<<<<
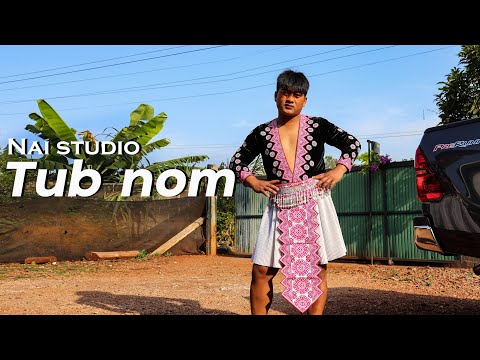 tub nom tub tswv (cover) | Nai Studio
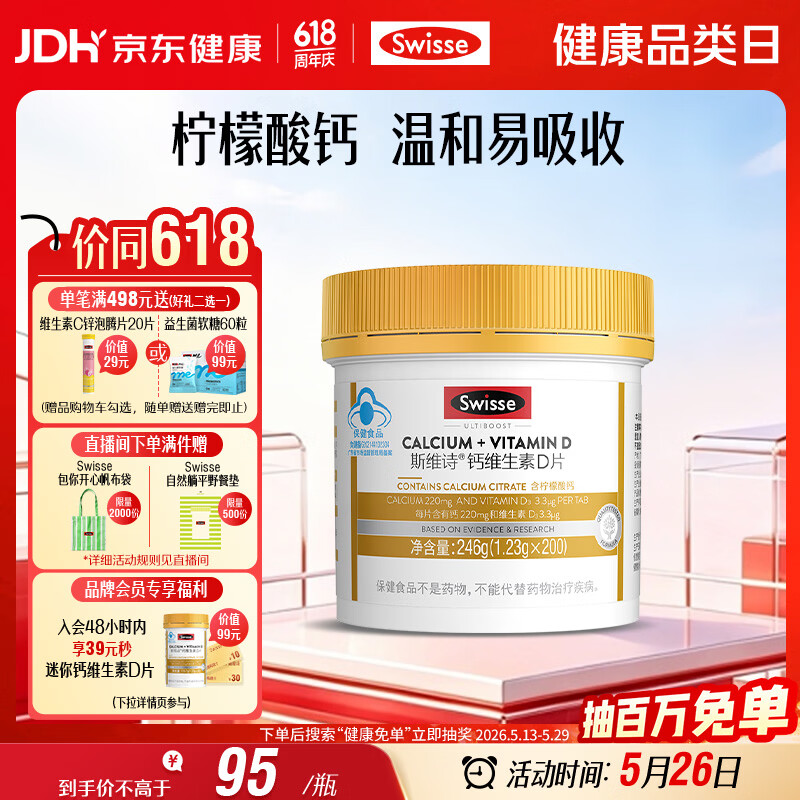 Swisse斯维诗 迷你钙维生素D片 柠檬酸钙好吸收 孕妇中老年人适用 200粒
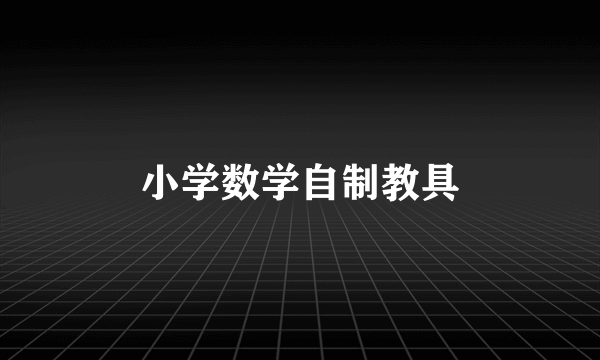小学数学自制教具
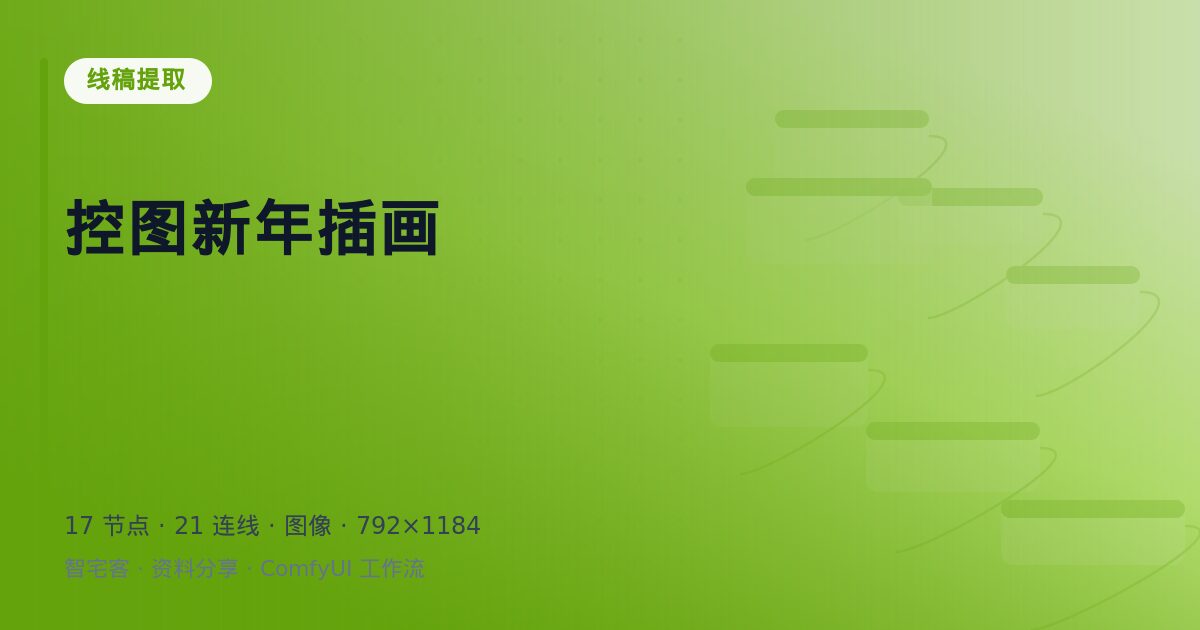 控图新年插画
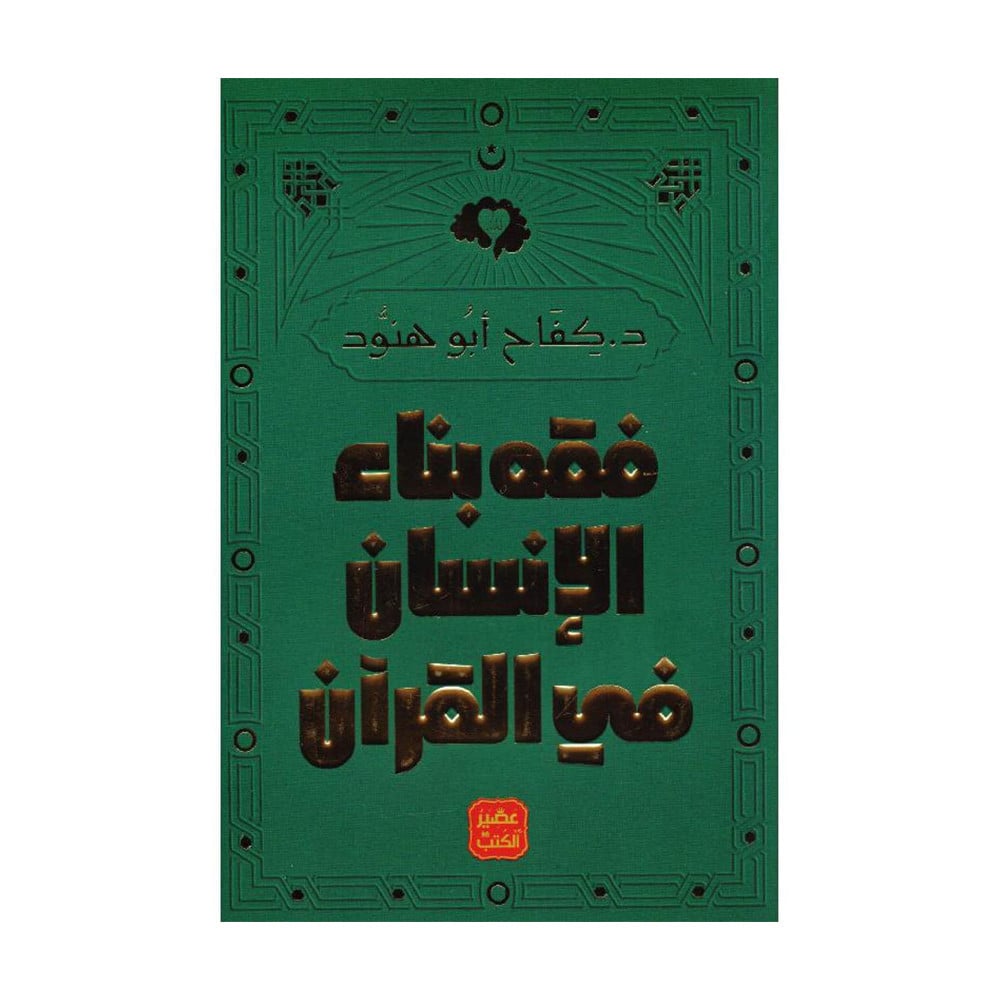 ‎فقه بناء الانسان في القرآن‎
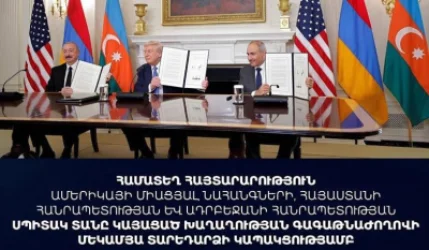 Armenia and Russia Strengthen Military Cooperation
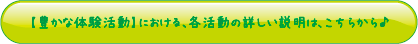 星ヶ峯幼稚園「豊かな体験活動」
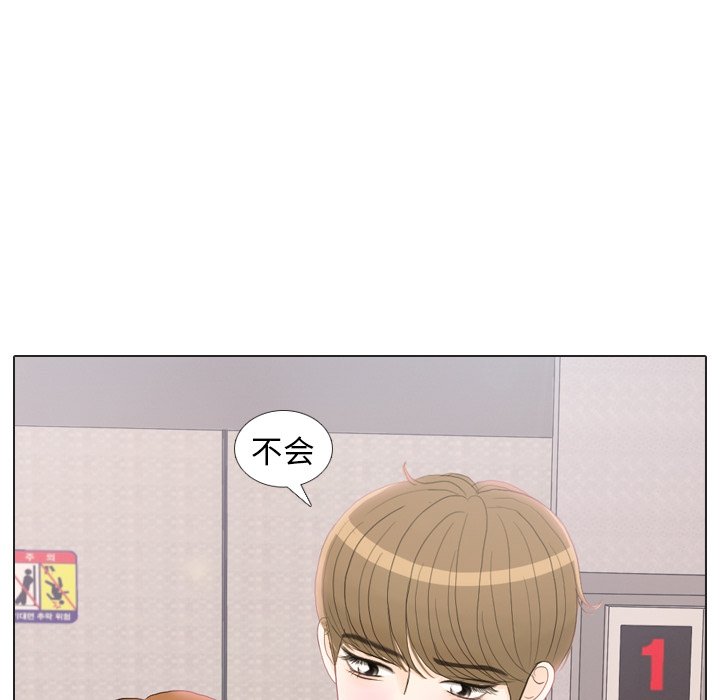 第24話 - 第36张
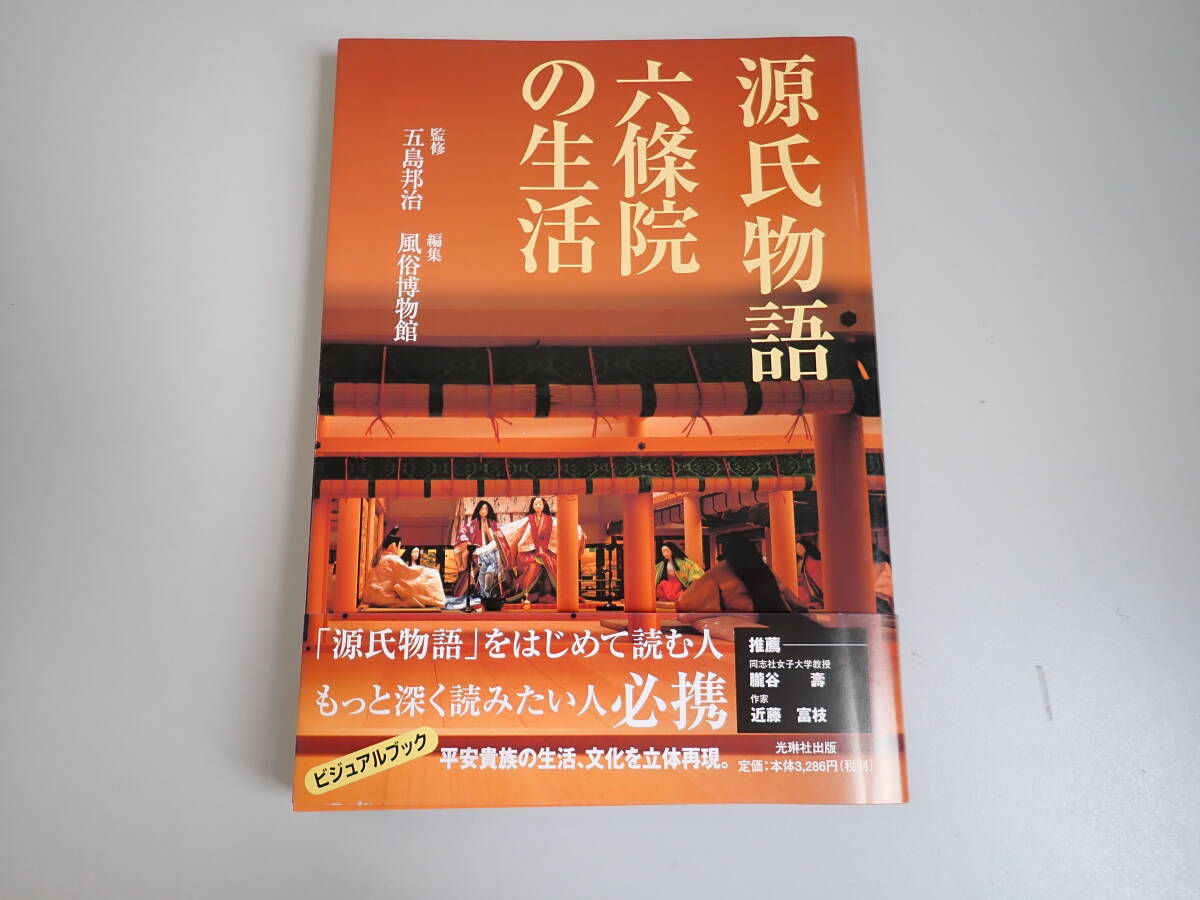 源氏物語 六条院の生活 / 五島邦治監修 風俗博物館編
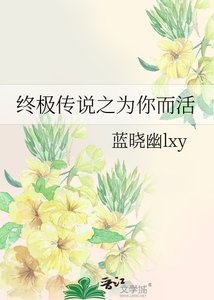 (BL-终极一班同人)终极传说之为你而活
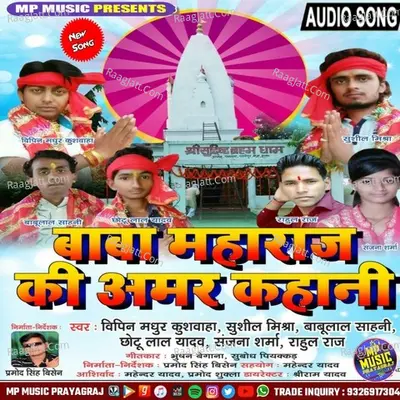 Baba Maharaj ki Amar kahani Poster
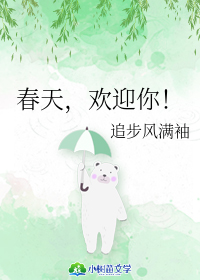 죬gӭ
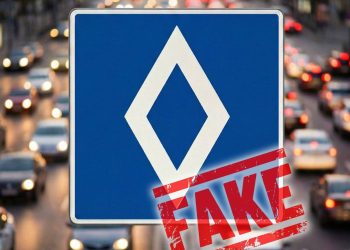 Фото: Олексій Білошицький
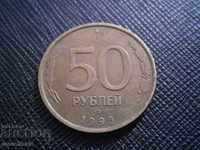 50 RUSIA 1993 - RUSIA - COIN / 2 /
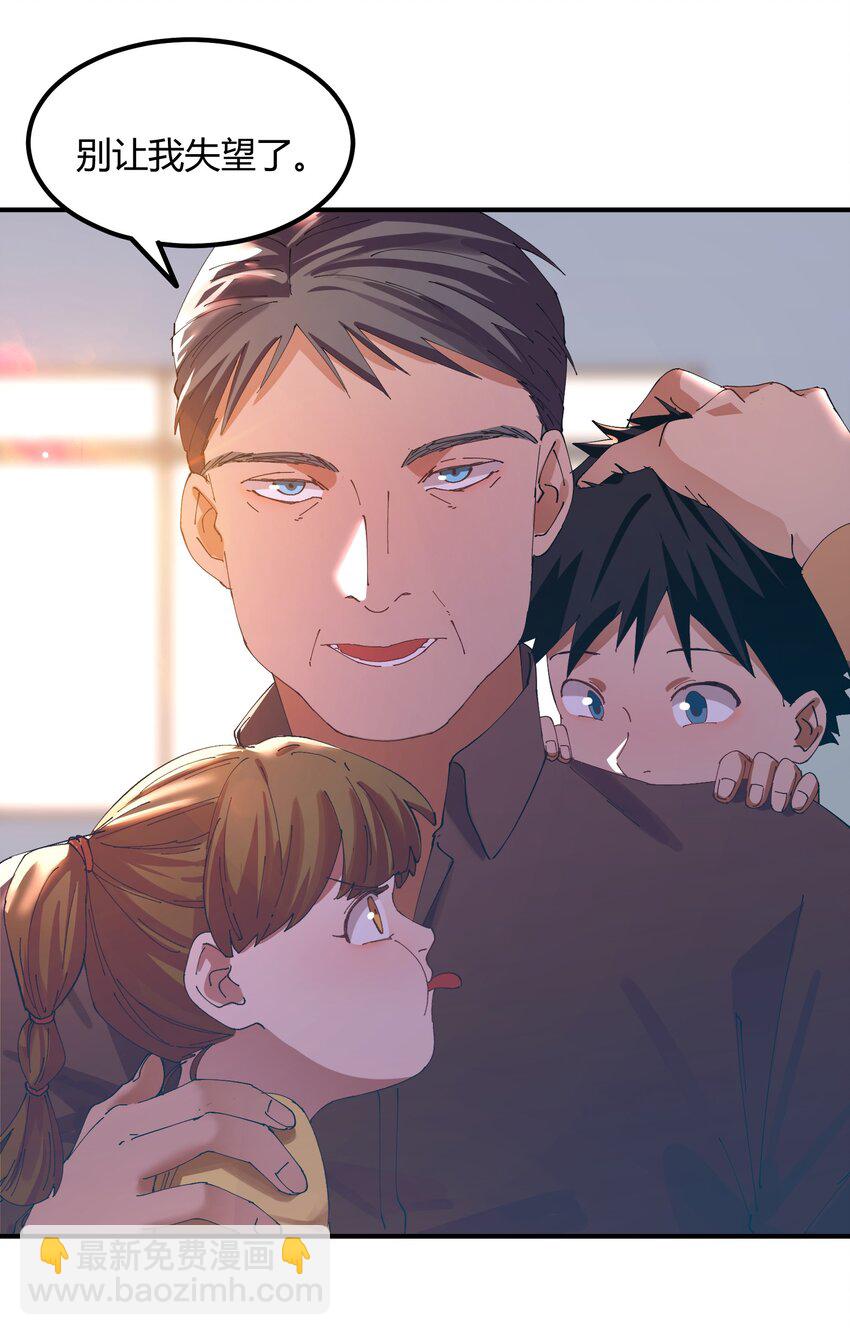 038 猎魔（38）-第44话
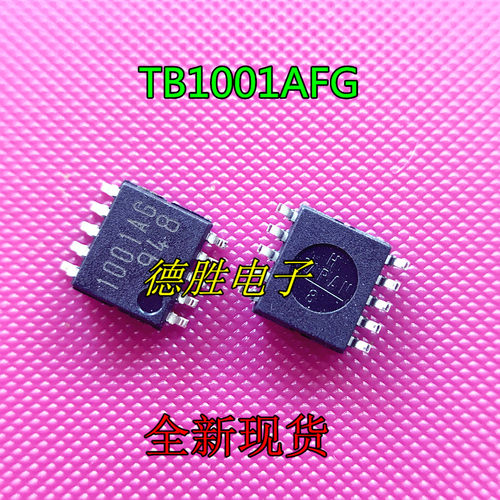 TB1001ADF TB1001AG  1001AG SOP10 全新原装正品现货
>>>>
Everything in the records except the pictures should be printed again exactly.

 tub nom tub tswv (cover) | Nai Studio
 Swisse斯维诗 迷你钙维生素D片 柠檬酸钙好吸收 孕妇中老年人适用 200粒
小学数学自制教具
 控图新年插画
 ‎فقه بناء الانسان في القرآن‎
 Armenia and Russia Strengthen Military Cooperation
 星ヶ峯幼稚園「豊かな体験活動」
 第24話 - 第36张
 源氏物語 六条院の生活 / 五島邦治監修 風俗博物館編
 (BL-终极一班同人)终极传说之为你而活
 Baba Maharaj ki Amar kahani Poster
 죬gӭ
 Фото: Олексій Білошицький
 50 RUSIA 1993 - RUSIA - COIN / 2 /
 038 猎魔（38）-第44话
 TB1001ADF TB1001AG  1001AG SOP10 全新原装正品现货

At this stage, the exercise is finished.